Sam’s advice to apprentices and salon owners is, "Think of hair types as your group of friends. Each person has a different personality and reacts differently to other circumstances. The first thing I get my apprentices trained on is how to properly shampoo and blow-dry. My advice is:

  • Don't be afraid of unfamiliar hair types, spend a day in a salon that specialises in curly hair.
  • Be mindful that all hair types are different. For example, when it comes to type 3 and 4 hairs, it can be fragile when wet, so vital that you detangle the hair first. This is where having the correct tools for brushing & combing helps.
  • If you live in remote parts of the country, you may not be exposed to many type 3 or 4 hair. Use a mannequin to train yourself and staff. You never know when it may be handy to use as none of us wants to lose a potential client.


Francesco Group Wolverhampton is well established and is part of one of the largest award-winning salon groups in the UK. The salon is renowned for providing cutting, colouring and technical services to a diverse and inclusive community. The salon employs an apprentice and sends her to FG Education to achieve the standard of a hair professional.


Apprenticeship training

Apprentices are trained in all four hair types during their apprenticeship when attending their Academy days at FG Education. That training would consist of learning the four classifications of hair types, the structure of the hair, density, porosity, etc. They would learn about the characteristics of the four hair types, the feel of the hair, the styling, the conditioning, the products to use, the nuances of each hair category.

The apprentice working in SG Hair has a lot of clients with Hair Types 3 and 4, but they still learn, engage, and practice on people with Hair Types 1 and 2. Likewise, the apprentice working in FG Wolverhampton is exposed to a clientele that is predominantly Hair Type 1 and 2 but still learns, engages and practices on people with Hair Types 3 and 4.

The apprentice then nears the end of their apprenticeship and prepares for the End Point Assessment (EPA). Here, the apprentice will be examined by an Independent Assessor whilst they carry out a variety of services on live clients. Both apprentices select clients for the end point assessment (EPA). As you would expect, each apprentice would choose the best client to showcase their hairdressing skills. One apprentice may decide to do Type 3 or 4 hair.
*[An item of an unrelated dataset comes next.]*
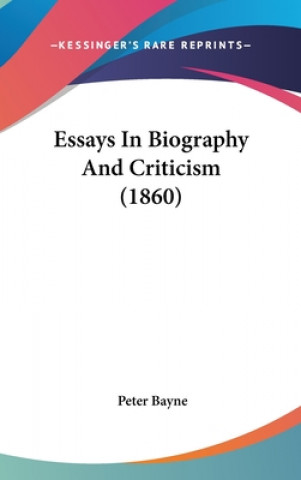 Carte Essays In Biography And Criticism (1860) Peter Bayne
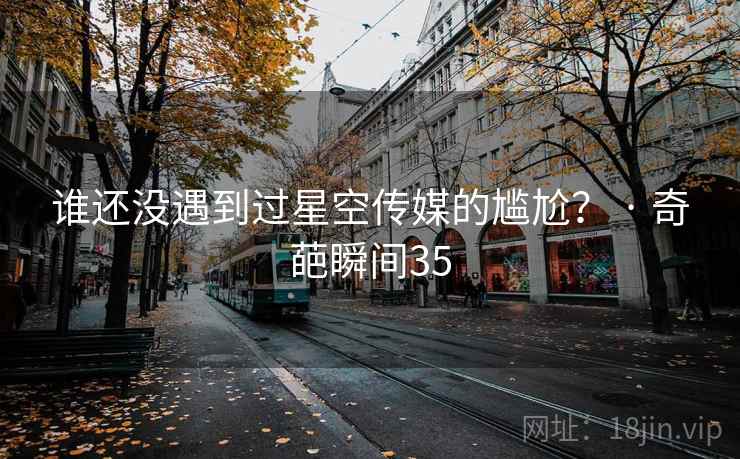 谁还没遇到过星空传媒的尴尬？ · 奇葩瞬间35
Another might select Types 1 or 2 hair for this assessment of their talent.

Standard authorities


Devolved nations (Scotland, Northern Ireland, and Wales)

  • The updated National Occupational Standards will ensure that all hair types are included in the qualifications, such as the SVQ delivered to and undertaken by apprentices.
  • The NOS can be accessed via a collectively funded database governed by the devolved administrations and managed on their behalf by Skills Development Scotland.

All apprentices should know all hair types to prepare them for the industry better. The decision to pursue knowledge or specialisms on a specific hair type will be made by the apprentice or their employer, which has always been the case. This can be obtained through manufacturer courses or CPD providers. Traditionally, specialisms could be obtained in Colouring Hair, Bridal Hair or Textured Hair as examples.

Wendy Cummins, salon owner and hair professional apprenticeship steering group chair, says: "The hair classifications have been embedded into the England apprenticeship standards for hairdressing and barbering since 2016, to ensure the standards were inclusive and accessible. The use of hair classifications is not something new, they are widely used in industry and qualifications.

"The hair professional apprenticeship standards and assessment plans were developed to ensure that apprentices across England can complete their apprenticeship on all hair classifications."

The hair professional apprenticeship standards are currently under review and are due to be published in early 2022.

Wendy added: "The current hair classifications, including the full description, will continue to be embedded into the apprenticeship standards as is. It is vital that we use consistent wording, currently used in industry, and all apprentices can work and have an understanding of all hair types to meet client's needs."